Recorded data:
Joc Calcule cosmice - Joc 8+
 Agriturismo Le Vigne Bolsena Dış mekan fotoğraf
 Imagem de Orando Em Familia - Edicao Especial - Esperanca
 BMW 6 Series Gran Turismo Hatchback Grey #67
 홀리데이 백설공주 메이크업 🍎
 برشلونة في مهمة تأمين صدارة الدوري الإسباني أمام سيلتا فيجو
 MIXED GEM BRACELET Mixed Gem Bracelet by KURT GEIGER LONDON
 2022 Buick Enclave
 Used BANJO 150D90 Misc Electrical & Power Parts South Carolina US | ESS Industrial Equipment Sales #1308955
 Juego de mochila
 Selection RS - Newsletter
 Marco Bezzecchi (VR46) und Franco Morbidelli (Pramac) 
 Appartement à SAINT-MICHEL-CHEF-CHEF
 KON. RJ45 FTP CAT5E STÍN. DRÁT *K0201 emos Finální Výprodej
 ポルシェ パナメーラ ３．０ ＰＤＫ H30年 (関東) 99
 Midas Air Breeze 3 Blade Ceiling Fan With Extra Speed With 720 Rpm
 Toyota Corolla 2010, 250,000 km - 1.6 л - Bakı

◆ **What you are asked to do**: Exactly as they stand, please print the lines from the first line of the records above down to the line that includes "برشلونة في مهمة", both of those included and no others.

◆ **Response area**:
Joc Calcule cosmice - Joc 8+
 Agriturismo Le Vigne Bolsena Dış mekan fotoğraf
 Imagem de Orando Em Familia - Edicao Especial - Esperanca
 BMW 6 Series Gran Turismo Hatchback Grey #67
 홀리데이 백설공주 메이크업 🍎
 برشلونة في مهمة تأمين صدارة الدوري الإسباني أمام سيلتا فيجو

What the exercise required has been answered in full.